蓄電池等の分散型エネルギーリソースを活用した次世代技術構築実証事業とは?
分散型エネルギーリソース=DER(Distributed Energy Resources)とは、需要家の受電点以下に接続されているエネルギーリソース(発電設備、蓄電設備、需要設備)、および系統に直接接続される発電設備、蓄電設備を総称するものをいいます。
近年は、以下の二つの背景から、DERの更なる活用機会の拡大が期待されています。
- 再生可能エネルギー導入拡大及び主力電源化のため
- 再生可能エネルギーの電力市場へ統合と電力安定供給の実現のため
そのため、経済産業省は「蓄電池等の分散型エネリソースを活用した次世代技術構築実証事業」(以下、当事業)を通じて、DERを活用した新たなビジネスモデル構築を行うことを目指しています。事業期間は令和3~5年度の3年間で、令和4年度の概算要求額は57億円となっています。
令和4年度の当事業はさらに以下の3つの事業項目にわかれています。
- 1.再エネ発電等のアグリゲーション技術実証・・・今後開設予定の電力市場要件等に即したアグリゲーション技術の構築や新規アグリゲーターの育成
- 2.ダイナミックプライシングによる電動車の充電シフト実証・・・EVを用いた充電シフト実証の規模拡大など
- 3.DERを活用したローカルフレキシビリティ技術開発・・・ローカルフレキシビリティの実現に必要な技術開発
今回は、特に蓄電池と関連のある1と3の実証事業について事例を交えながら詳しくみていきます。
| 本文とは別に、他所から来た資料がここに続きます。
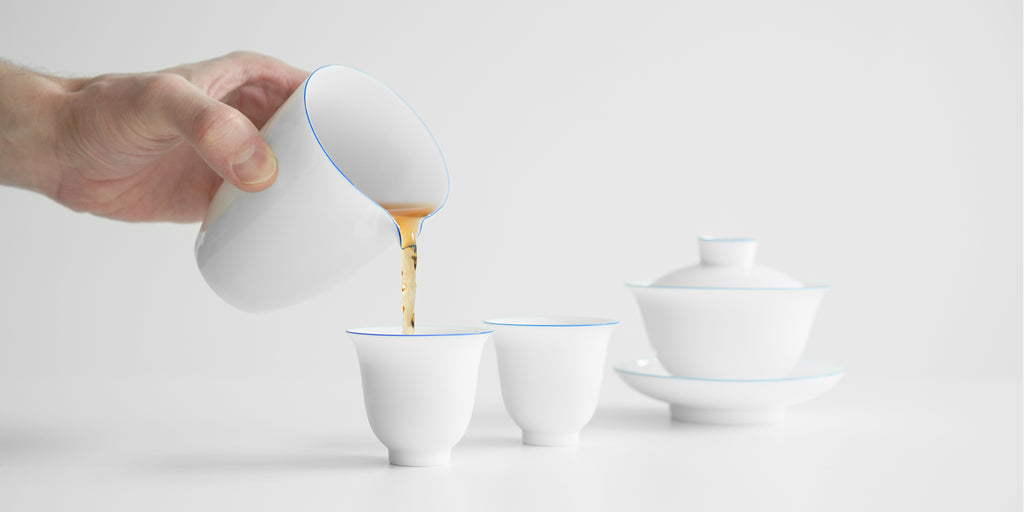 A hand pours tea from a white porcelain server into a white teacup. To the right there is a gaiwan, also white with blue rings painted around the edges.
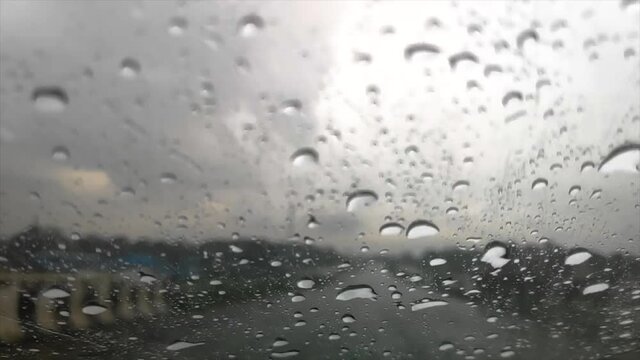 Slow Motion Of Rain Drop Water On Glass Of A Moving Car On A Highway FHD 1080P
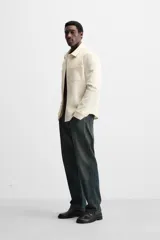 Sobrecamisa negra de tejido con elasticidad, cuello solapa y manga larga acabada en puño con botón a presión. Tiene bolsillos de plastrón en el pecho y cierre frontal con botones a presión.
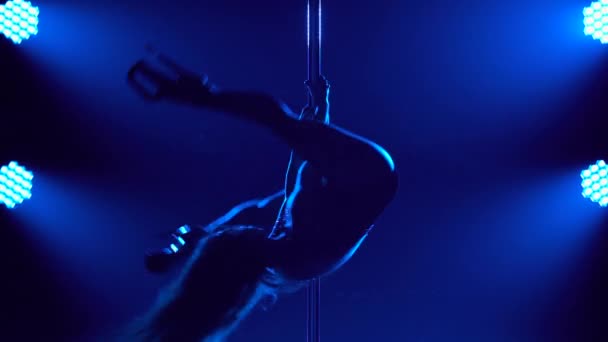 Attraktive Striptease-Tänzerin führt Tricks an einer Stange vor. Silhouette einer sexy Brünette in Dessous und High Heels. Exotischer Tanz in einem dunklen Studio mit Rauch und blauem Licht. Nahaufnahme. — Stockvideo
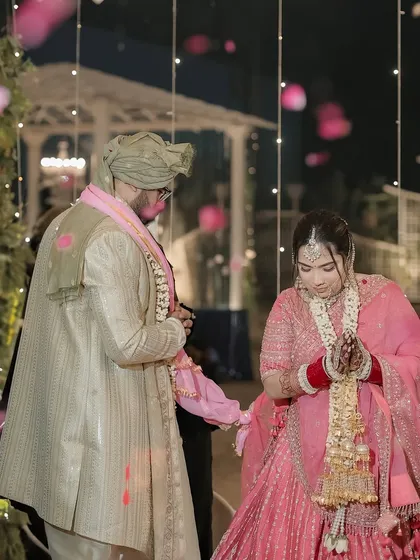A quiet moment during the wedding ceremony, with the couple sharing a look as they are showered with petals.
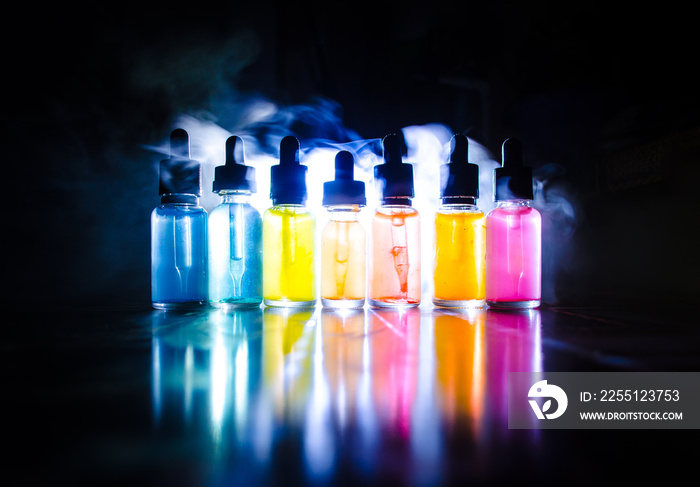 Vape concept. Smoke clouds and vape liquid bottles on dark background. Light effects. Useful as background or vape advertisement or vape background. Selective focus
エナリス社による再エネ発電等のアグリゲーション技術実証
株式会社エナリスは、「再エネの不安定性を発電サイドでできるだけ吸収し、市場取引での収益を最大化するために必要な技術開発、仕組みを構築すること」を目的に実証を実施しました。(2022年4月公表「令和3年度の蓄電池等の分散型エネリソースを活用した次世代技術構築実証事業」の成果報告による
当実証では、多くの成果を得ていますが、蓄電池関係の成果を2つご紹介します。
蓄電池制御によるインバランス回避
FIP制度では、再エネ発電事業者は発電する再エネ電気の見込みである計画値をつくり、実績値と一致させることが求められます。これをバランシングといいます。バランシングにあたり、計画値と実績値の差(インバランス)が出た場合には、発電事業者は、その差を埋めるための費用をはらわなければなりません。そこで、蓄電池制御によるインバランス回避が期待されています。
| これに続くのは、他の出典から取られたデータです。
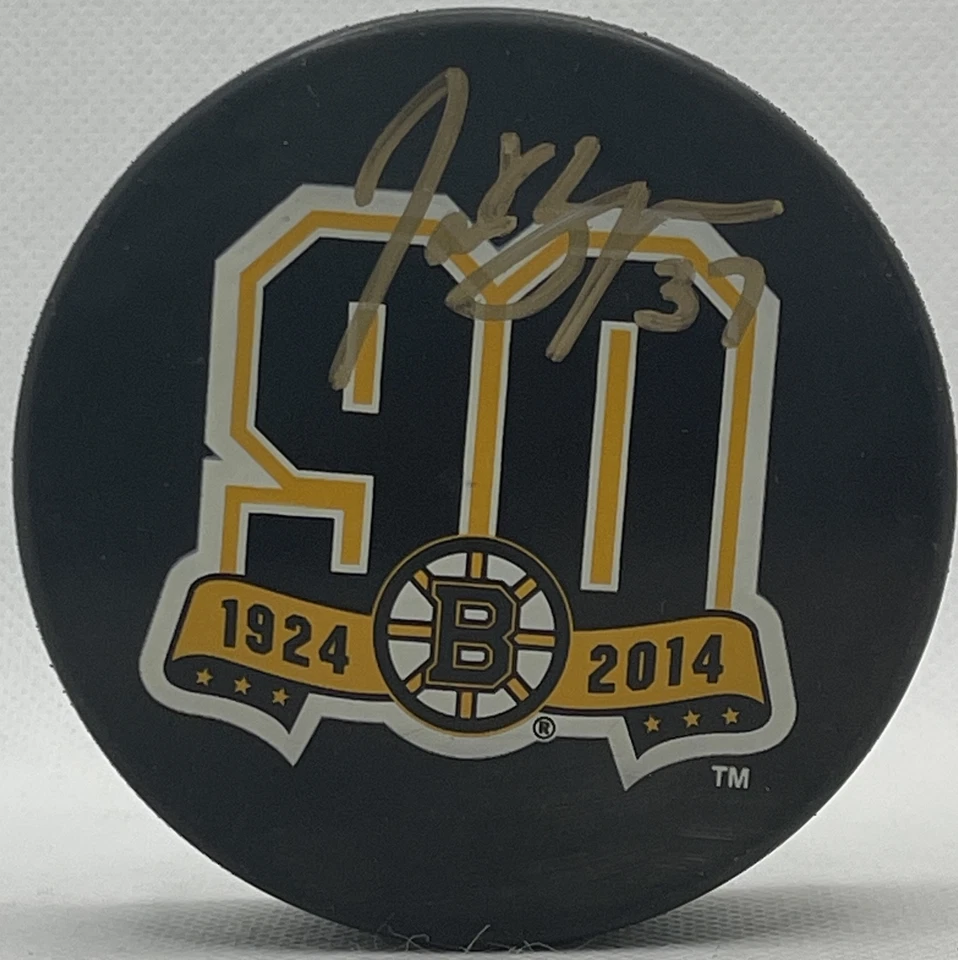 Disco de hockey firmado por Patrice Bergeron Boston Bruins 90 aniversario certificado de autenticidad Foto 1 de 1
今回の実証では、不足インバランス発生時間帯は放電し、余剰インバランス発生時間帯は充電を行いました。すると、あるパターンでは、蓄電池なしケースと比較してインバランス量の総量を90%削減することができたということです。(以下の資料参照)

出典:エナリス
ここでは、蓄電池容量が有限であることを前提として、インバランス単価(≒スポット価格)を予測した上で、インバランス料金が高くなると見込まれるタイミングに蓄電池を有効活用する蓄電池充放電計画を立てているとのことです。
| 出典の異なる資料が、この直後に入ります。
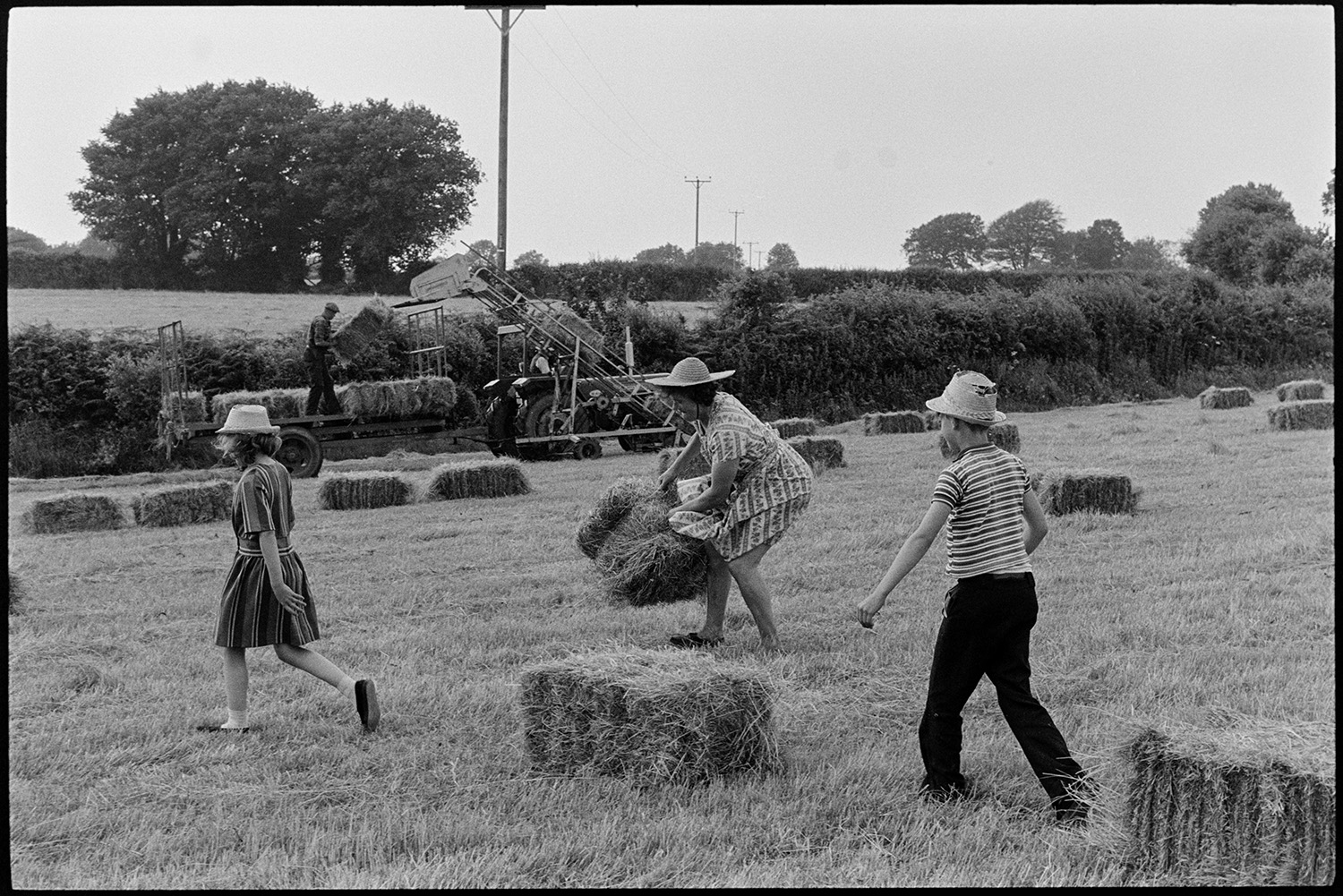 Woman, twin children haymaking. 
[Mrs Oke and her twin children moving hay bales in a field at Deckport, Hatherleigh. Mr Oke is loading the bales onto a tractor and trailer in the background, using an elevator. Mrs Oke is wearing a dress and straw hat.]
エナリスは、今後、蓄電池の能力を最大限に活かせるような発電設備(太陽光発電容量)と蓄電池容量の組合せを検討する必要があるとしています。その上でパラメータの設定を変更することで更なるインバランス量の低減が期待できるとしています。
市場取引での収益拡大に向けた検証
FIP制度では再エネ発電事業者は、電力の需要と供給のバランスに応じて変動する市場価格を意識しながら発電し、蓄電池の活用などにより市場価格が高いときに売電する工夫をすることで、より収益を拡大できるというメリットがあります。そこで同社にて、前述した「蓄電池制御によるインバランス回避」の技術を活用して市場取引での収益拡大に向けた検証が行われました。
まず仮想発電バランシンググループを作成します。次に再エネ発電量予測およびスポット価格予測情報を基に、蓄電池の充放電計画を加味した翌日のスポット取引計画を作成し、これに基づき実需給断面においてリソース制御を行い、収益性を評価しました。

出典:エナリス
結果は、市場価格予測に基づく蓄電池の充放電ができ、蓄電池制御により1.3円/kWhの収益性向上を確認できたといいます。こちらの検証でも今後は、制御ロジックの改善やPV出力と蓄電池出力・容量の最適な組み合わせ等を検討し、更なる収益向上を目指すとしています。
DERを活用したローカルフレキシビリティ技術開発について
こちらは令和4年度からの新規テーマとなっています。電力系統の混雑等の情報とDERによる需要創出を組み合わせ、送配電設備の容量制約等を回避し、再エネの最大限の有効活用を促進する仕組みを検証するものです。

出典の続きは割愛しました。